Market Square and State Street form the heart of it, a tight grid of brick that survived a great fire and a wave of 1970s urban renewal to come out the other side intact. The Custom House Maritime Museum, set in a granite 1835 building, tells the port’s seafaring story. Waterfront Park gives you a bench and a view of the boats. A few miles out on Plum Island, the Parker River refuge at Joppa Flats turns the same trip into prime birdwatching, so a downtown afternoon can end with herons instead of storefronts.
A plain red fishing shack on a granite pier may be the most painted building in America, and it sits right in Rockport’s harbor. Locals call it Motif No. 1, after an art teacher who got tired of seeing his students paint it. The town runs under 10,000 residents and folds its best parts into a few tight blocks by the water.

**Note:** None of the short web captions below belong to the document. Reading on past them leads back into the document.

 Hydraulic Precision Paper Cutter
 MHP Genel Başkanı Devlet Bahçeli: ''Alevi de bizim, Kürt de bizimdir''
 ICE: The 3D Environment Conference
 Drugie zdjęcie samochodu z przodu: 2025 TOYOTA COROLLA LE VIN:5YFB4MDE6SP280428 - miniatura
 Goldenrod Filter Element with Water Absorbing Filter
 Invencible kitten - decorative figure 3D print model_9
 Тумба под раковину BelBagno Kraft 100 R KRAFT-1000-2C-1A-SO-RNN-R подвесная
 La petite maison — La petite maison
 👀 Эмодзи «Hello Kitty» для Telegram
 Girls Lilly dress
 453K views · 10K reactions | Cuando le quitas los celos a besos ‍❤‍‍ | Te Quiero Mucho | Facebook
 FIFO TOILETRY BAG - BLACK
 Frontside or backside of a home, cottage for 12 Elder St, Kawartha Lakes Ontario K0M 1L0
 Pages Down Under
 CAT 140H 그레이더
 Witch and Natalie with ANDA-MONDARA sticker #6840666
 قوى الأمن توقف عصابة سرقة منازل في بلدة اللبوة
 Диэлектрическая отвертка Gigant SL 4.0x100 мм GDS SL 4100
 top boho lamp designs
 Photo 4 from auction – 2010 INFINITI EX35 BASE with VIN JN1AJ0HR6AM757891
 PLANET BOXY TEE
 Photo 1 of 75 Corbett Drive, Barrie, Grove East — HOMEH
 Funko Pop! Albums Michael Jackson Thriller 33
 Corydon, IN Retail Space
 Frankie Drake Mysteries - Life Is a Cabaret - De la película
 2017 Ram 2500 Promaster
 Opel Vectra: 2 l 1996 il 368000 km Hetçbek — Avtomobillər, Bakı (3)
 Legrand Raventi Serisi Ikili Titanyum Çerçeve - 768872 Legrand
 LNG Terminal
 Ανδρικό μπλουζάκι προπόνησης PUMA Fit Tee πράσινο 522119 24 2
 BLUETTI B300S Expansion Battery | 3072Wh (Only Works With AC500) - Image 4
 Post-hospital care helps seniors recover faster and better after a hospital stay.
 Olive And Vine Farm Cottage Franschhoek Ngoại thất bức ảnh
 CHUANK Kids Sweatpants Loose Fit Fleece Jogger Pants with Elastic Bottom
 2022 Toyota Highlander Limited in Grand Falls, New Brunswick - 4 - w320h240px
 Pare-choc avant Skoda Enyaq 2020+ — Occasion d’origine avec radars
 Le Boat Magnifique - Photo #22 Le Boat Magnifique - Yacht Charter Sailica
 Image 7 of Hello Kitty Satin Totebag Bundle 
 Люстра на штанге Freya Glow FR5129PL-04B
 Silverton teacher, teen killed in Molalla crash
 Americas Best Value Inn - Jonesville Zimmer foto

Main Street leads to Bearskin Neck, a skinny peninsula crammed with galleries, candy shops, and lobster shacks that ends with the open Atlantic. Front Beach puts sand and water within a short stroll of the shops. The Shalin Liu Performance Center, opened in 2010, built a concert hall with a wall of glass behind the stage, so the ocean becomes the backdrop for a string quartet. You can wander from a storefront to a harbor view to a gallery without ever breaking stride.
Great Barrington wired the first downtown in the world lit entirely by alternating current, back in 1886, and the place has kept that forward lean ever since. Under 10,000 residents fill a center that feels genuinely busy, with restaurants, bookstores, and galleries spread along Main Street and Railroad Street. It looks like an old Berkshire town and behaves like a young one.
The Mahaiwe Performing Arts Center, a restored 1905 theater, books films, concerts, and live broadcasts year-round. The Housatonic River Walk threads a half-mile greenway along the water right behind Main Street, the work of volunteers who spent decades clearing a once-polluted bank. Just outside town, Monument Mountain offers a short climb to a quartzite ridge and a long view over the Housatonic River valley, the same trail Herman Melville and Nathaniel Hawthorne hiked together in 1850.
Whaling money built Nantucket’s Main Street, and the cobblestones laid to keep wagon wheels out of the mud are still there to rattle your suitcase. The island stays well under 50,000 year-round residents even at the height of summer. Brick sidewalks, weathered shingles, and window boxes give the downtown the texture of an old port rather than a new outdoor mall.
The Whaling Museum, set in an 1847 candle factory, explains how a small island once lit the lamps of the world, right down to a full sperm whale skeleton. Brant Point Lighthouse marks the harbor entrance and ranks among the most photographed beacons in New England. Straight Wharf keeps the working waterfront within steps of the shops, and the Oldest House, built in 1686, anchors the streetscape in the island’s first century. Every detail down to the gray shingles seems to point back to the same seafaring story.
What ties these eight together is not a shared look but a shared honesty. Stockbridge and Lenox lean on Berkshire culture, Concord carries the weight of 1775, and Great Barrington keeps reinventing itself. Marblehead, Newburyport, Rockport, and Nantucket all grew up facing salt water and never lost the habit. The best Main Streets here are not stage sets. They are working downtowns that happen to be worth a long, slow look.